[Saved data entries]
*** Begin section ***

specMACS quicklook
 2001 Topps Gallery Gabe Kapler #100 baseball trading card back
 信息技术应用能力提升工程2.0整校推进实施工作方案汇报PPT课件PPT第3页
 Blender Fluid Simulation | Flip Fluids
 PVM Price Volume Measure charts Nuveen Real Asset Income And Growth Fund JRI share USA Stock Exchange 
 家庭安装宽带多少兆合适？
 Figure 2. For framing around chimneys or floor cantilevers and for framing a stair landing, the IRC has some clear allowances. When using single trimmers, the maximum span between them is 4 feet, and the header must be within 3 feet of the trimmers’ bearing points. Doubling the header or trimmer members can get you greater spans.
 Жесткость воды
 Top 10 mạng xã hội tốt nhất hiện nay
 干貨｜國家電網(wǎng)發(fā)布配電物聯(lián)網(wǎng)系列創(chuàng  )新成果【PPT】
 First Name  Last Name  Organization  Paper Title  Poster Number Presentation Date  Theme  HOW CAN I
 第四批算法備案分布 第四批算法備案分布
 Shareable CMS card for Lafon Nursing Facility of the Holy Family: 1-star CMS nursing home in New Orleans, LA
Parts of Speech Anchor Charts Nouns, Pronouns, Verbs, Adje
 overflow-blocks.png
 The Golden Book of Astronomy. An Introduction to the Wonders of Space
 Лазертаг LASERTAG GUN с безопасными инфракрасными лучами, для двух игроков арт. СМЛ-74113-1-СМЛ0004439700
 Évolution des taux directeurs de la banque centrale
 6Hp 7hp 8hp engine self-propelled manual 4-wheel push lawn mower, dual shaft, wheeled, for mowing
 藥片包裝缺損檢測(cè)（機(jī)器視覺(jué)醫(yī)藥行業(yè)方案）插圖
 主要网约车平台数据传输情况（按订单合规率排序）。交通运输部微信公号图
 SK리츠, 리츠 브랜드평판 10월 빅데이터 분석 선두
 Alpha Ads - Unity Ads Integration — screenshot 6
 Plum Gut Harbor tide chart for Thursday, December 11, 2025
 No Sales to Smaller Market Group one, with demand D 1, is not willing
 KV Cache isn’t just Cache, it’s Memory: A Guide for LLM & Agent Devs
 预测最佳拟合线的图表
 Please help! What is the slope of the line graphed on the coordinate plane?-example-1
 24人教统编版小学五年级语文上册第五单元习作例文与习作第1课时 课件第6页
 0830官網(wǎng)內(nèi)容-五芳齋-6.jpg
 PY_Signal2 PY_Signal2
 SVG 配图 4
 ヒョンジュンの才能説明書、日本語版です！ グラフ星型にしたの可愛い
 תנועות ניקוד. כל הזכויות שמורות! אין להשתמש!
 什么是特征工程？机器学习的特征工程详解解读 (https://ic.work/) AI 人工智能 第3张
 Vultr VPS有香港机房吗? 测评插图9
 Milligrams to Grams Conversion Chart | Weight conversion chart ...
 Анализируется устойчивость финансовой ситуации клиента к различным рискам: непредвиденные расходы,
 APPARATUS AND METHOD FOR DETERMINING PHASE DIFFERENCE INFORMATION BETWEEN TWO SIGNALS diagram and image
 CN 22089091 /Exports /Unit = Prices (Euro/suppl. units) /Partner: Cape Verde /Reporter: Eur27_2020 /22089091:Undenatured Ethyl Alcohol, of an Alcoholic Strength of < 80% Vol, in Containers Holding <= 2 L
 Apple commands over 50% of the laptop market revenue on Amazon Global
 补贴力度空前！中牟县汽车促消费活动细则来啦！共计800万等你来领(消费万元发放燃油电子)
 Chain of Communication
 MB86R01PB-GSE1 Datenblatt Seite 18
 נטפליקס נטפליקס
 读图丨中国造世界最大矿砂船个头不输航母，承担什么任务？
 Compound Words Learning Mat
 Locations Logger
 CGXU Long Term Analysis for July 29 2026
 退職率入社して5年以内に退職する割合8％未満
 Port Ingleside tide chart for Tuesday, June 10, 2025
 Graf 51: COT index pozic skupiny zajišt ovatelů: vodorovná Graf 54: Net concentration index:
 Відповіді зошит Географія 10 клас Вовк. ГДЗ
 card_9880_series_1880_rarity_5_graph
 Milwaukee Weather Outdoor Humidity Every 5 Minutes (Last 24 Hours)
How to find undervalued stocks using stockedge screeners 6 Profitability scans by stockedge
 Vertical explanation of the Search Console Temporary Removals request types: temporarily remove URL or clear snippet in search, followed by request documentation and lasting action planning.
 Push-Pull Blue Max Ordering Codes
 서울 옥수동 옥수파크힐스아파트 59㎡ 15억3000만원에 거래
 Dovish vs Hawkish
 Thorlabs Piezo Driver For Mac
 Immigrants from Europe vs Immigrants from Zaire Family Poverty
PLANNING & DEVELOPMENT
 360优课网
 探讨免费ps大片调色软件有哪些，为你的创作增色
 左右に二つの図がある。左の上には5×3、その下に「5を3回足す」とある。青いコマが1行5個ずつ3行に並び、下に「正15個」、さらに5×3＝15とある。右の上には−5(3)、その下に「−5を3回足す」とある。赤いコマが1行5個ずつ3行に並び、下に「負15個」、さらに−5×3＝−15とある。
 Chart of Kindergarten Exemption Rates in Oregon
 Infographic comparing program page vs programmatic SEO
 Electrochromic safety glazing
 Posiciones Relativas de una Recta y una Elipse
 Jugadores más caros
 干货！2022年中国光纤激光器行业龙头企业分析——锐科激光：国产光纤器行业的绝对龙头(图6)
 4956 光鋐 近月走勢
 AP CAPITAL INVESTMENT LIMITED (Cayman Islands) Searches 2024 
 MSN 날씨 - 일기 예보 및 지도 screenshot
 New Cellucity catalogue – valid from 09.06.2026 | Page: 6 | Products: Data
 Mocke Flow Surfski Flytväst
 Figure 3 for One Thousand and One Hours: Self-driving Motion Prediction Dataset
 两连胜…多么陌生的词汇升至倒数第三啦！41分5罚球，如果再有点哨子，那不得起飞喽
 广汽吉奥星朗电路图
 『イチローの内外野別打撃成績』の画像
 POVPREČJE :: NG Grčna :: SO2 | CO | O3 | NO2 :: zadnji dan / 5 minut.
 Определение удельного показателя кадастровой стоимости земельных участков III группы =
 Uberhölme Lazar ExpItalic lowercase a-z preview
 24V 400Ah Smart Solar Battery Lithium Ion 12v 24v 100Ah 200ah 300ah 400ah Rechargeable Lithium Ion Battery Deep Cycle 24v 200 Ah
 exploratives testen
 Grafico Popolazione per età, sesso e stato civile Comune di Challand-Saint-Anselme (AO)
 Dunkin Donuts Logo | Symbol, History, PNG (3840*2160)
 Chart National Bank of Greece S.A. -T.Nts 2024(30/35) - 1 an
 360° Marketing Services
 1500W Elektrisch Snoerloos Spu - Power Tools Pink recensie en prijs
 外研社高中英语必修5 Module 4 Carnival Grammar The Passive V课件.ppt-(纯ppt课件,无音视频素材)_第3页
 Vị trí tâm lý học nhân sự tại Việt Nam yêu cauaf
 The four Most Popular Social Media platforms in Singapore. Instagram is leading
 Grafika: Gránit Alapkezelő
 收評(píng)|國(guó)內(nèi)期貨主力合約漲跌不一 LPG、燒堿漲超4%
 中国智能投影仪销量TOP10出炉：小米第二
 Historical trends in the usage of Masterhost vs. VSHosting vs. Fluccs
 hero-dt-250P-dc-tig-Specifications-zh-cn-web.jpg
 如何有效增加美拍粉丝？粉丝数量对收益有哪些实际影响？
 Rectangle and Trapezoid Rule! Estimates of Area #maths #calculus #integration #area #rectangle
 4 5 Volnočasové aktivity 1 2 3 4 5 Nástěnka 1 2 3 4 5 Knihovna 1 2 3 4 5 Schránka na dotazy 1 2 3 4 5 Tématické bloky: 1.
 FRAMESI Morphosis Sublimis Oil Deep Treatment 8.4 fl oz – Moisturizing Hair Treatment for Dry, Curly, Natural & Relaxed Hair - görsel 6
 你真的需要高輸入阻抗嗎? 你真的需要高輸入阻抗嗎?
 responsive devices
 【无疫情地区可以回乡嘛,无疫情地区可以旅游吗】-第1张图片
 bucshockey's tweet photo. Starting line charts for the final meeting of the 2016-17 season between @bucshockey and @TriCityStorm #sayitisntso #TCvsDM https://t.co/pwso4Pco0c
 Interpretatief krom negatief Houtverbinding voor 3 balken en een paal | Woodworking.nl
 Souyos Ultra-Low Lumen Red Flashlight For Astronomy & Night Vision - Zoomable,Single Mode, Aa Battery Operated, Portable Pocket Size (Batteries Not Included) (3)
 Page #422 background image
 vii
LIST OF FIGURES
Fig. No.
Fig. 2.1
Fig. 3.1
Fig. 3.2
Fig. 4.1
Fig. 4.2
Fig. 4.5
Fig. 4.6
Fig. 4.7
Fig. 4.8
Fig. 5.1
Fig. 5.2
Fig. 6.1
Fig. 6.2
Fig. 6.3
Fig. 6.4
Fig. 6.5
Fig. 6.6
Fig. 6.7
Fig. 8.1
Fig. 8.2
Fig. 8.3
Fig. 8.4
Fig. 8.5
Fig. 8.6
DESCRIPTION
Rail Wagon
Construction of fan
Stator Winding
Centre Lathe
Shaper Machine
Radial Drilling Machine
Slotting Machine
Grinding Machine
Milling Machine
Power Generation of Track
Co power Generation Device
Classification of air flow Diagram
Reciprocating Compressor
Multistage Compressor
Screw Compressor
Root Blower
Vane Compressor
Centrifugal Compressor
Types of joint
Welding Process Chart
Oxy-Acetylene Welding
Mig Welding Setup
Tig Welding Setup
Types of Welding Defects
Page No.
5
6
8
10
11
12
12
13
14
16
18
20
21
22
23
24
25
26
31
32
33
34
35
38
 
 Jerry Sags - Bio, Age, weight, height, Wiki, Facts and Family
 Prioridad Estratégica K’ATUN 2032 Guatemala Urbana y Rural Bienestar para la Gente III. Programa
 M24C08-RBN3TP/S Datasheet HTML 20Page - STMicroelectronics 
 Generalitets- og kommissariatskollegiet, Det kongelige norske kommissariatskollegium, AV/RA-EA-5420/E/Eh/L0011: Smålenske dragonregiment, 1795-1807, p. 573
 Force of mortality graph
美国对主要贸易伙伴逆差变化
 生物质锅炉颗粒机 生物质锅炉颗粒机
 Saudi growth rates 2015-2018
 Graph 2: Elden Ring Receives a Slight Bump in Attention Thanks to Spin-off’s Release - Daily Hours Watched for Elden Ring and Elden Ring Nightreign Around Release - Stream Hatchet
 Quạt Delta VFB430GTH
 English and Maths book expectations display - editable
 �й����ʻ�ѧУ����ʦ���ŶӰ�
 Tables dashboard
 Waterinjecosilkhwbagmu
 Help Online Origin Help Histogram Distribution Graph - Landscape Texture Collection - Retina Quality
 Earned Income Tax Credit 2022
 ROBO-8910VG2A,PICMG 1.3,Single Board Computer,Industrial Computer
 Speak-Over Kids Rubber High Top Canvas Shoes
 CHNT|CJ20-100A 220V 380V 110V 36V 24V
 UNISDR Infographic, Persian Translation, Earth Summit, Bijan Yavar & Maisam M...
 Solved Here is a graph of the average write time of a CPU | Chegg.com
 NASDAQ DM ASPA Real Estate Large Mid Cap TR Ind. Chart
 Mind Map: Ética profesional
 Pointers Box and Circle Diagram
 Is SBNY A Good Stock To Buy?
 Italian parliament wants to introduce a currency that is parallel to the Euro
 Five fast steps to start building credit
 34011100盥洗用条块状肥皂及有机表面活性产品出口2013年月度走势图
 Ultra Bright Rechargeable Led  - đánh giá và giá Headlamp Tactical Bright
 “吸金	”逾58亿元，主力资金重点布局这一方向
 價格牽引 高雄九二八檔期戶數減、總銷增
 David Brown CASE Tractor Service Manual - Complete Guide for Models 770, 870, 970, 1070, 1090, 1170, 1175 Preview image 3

*** End section ***

# PROMPT
Write out exactly the lines above between the line with "24人教统编版小学五年级语文上册第五单元习作例文与习作第1课时 课件第6页" and the line with "Port Ingleside tide", inclusive, and nothing beyond them.

# RESPONSE TO THE TASK
 24人教统编版小学五年级语文上册第五单元习作例文与习作第1课时 课件第6页
 0830官網(wǎng)內(nèi)容-五芳齋-6.jpg
 PY_Signal2 PY_Signal2
 SVG 配图 4
 ヒョンジュンの才能説明書、日本語版です！ グラフ星型にしたの可愛い
 תנועות ניקוד. כל הזכויות שמורות! אין להשתמש!
 什么是特征工程？机器学习的特征工程详解解读 (https://ic.work/) AI 人工智能 第3张
 Vultr VPS有香港机房吗? 测评插图9
 Milligrams to Grams Conversion Chart | Weight conversion chart ...
 Анализируется устойчивость финансовой ситуации клиента к различным рискам: непредвиденные расходы,
 APPARATUS AND METHOD FOR DETERMINING PHASE DIFFERENCE INFORMATION BETWEEN TWO SIGNALS diagram and image
 CN 22089091 /Exports /Unit = Prices (Euro/suppl. units) /Partner: Cape Verde /Reporter: Eur27_2020 /22089091:Undenatured Ethyl Alcohol, of an Alcoholic Strength of < 80% Vol, in Containers Holding <= 2 L
 Apple commands over 50% of the laptop market revenue on Amazon Global
 补贴力度空前！中牟县汽车促消费活动细则来啦！共计800万等你来领(消费万元发放燃油电子)
 Chain of Communication
 MB86R01PB-GSE1 Datenblatt Seite 18
 נטפליקס נטפליקס
 读图丨中国造世界最大矿砂船个头不输航母，承担什么任务？
 Compound Words Learning Mat
 Locations Logger
 CGXU Long Term Analysis for July 29 2026
 退職率入社して5年以内に退職する割合8％未満
 Port Ingleside tide chart for Tuesday, June 10, 2025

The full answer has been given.